Data shown:
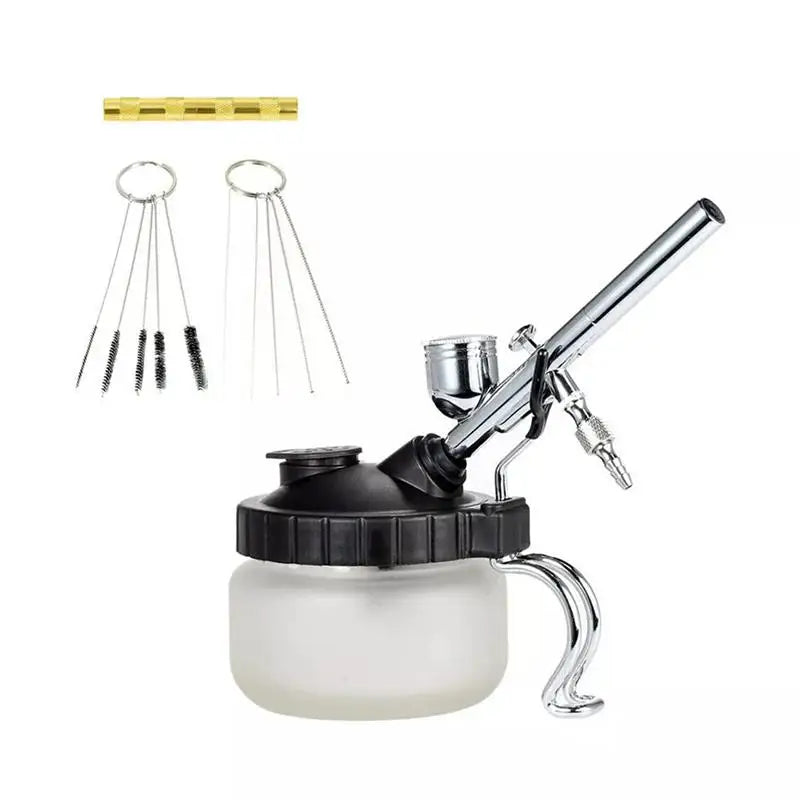 Airbrush Cleaning Kit – Glass Cleaning Pot with Holder, Spray Gun Cleaning Tools & Precision Needles | Complete Airbrush Maintenance Set for Hobby & Art Use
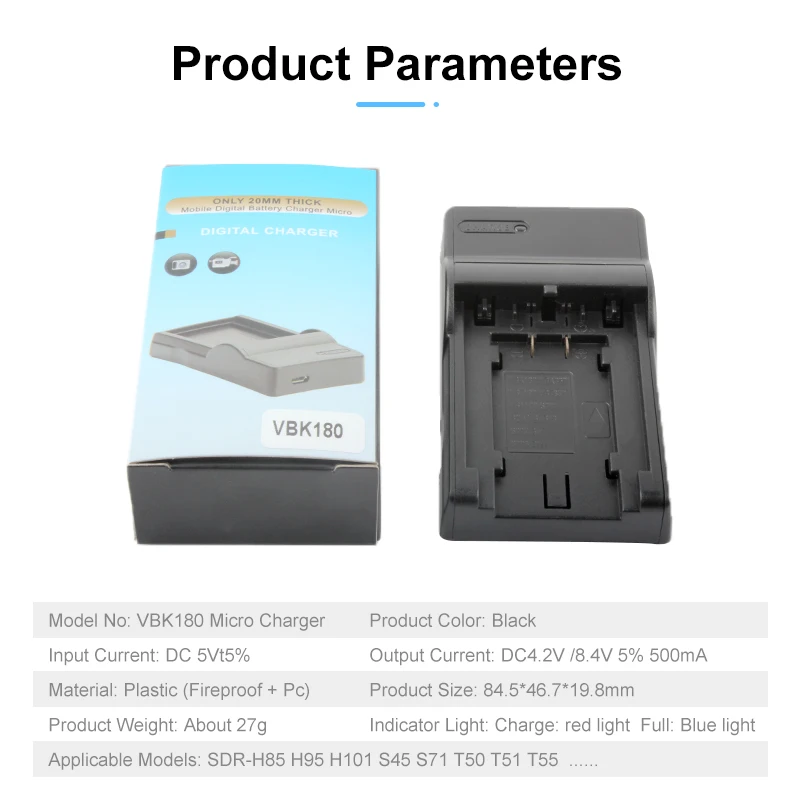 Зарядное устройство USB для фотоаппарата Panasonic SDR T76K T76 T71 T55 T50 S71 S70 S50 S45 HS80 HS60 H101 H100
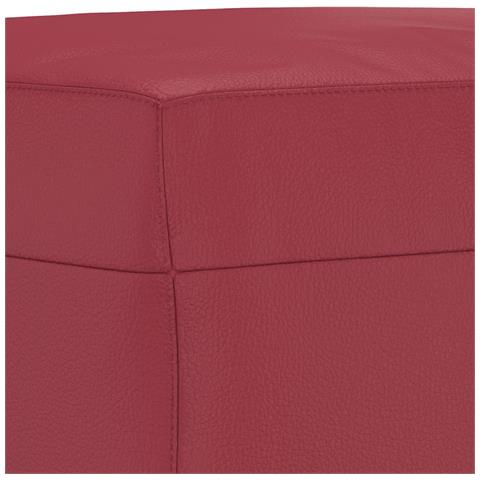 Set di Divani 3 pz con Cuscini Rosso Vino in Similpelle - Foto 9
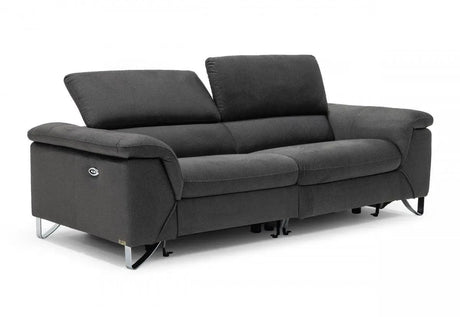 Vig Furniture - Divani Casa Maine Modern Dark Grey Fabric Sofa W- Electric Recliners - Vgkne9104-E9-Dgry-3-S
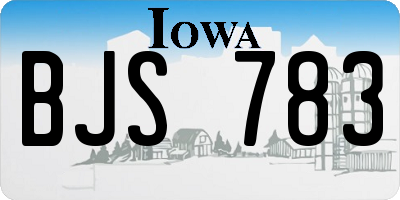IA license plate BJS783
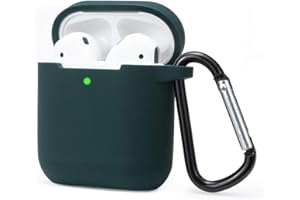 KOKOKA Schutzhülle Hülle Kompatibel mit AirPods 2 & 1, Silikon Schutzhülle Hülle Case für AirPods 2 & 1, LED an der Frontseite Sichtbar Stoßfeste Schutzhülle, Dunkelgrün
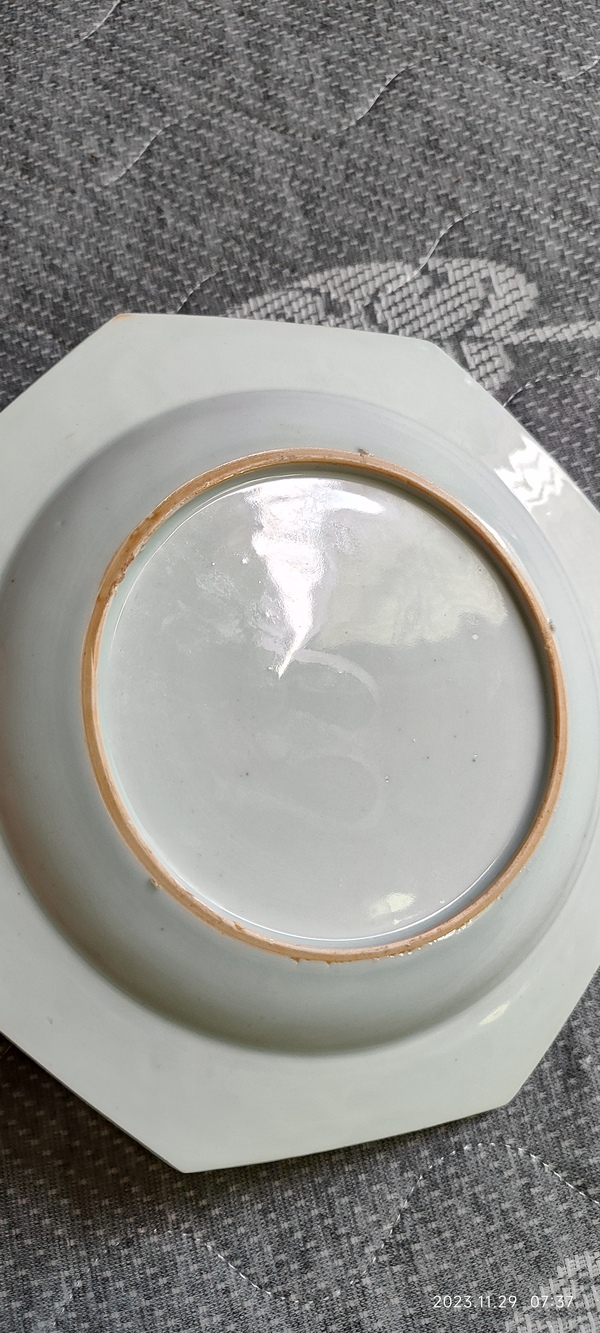 古玩陶瓷清乾隆青花八角盤拍賣,當前價格4800元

Work to complete:
Starting at the first line of the listing above, write out each line exactly and nothing else until you reach the line containing "Зарядное устройство USB", which is included as well; omit all pictures.

Result of this task:
 Airbrush Cleaning Kit – Glass Cleaning Pot with Holder, Spray Gun Cleaning Tools & Precision Needles | Complete Airbrush Maintenance Set for Hobby & Art Use
 Зарядное устройство USB для фотоаппарата Panasonic SDR T76K T76 T71 T55 T50 S71 S70 S50 S45 HS80 HS60 H101 H100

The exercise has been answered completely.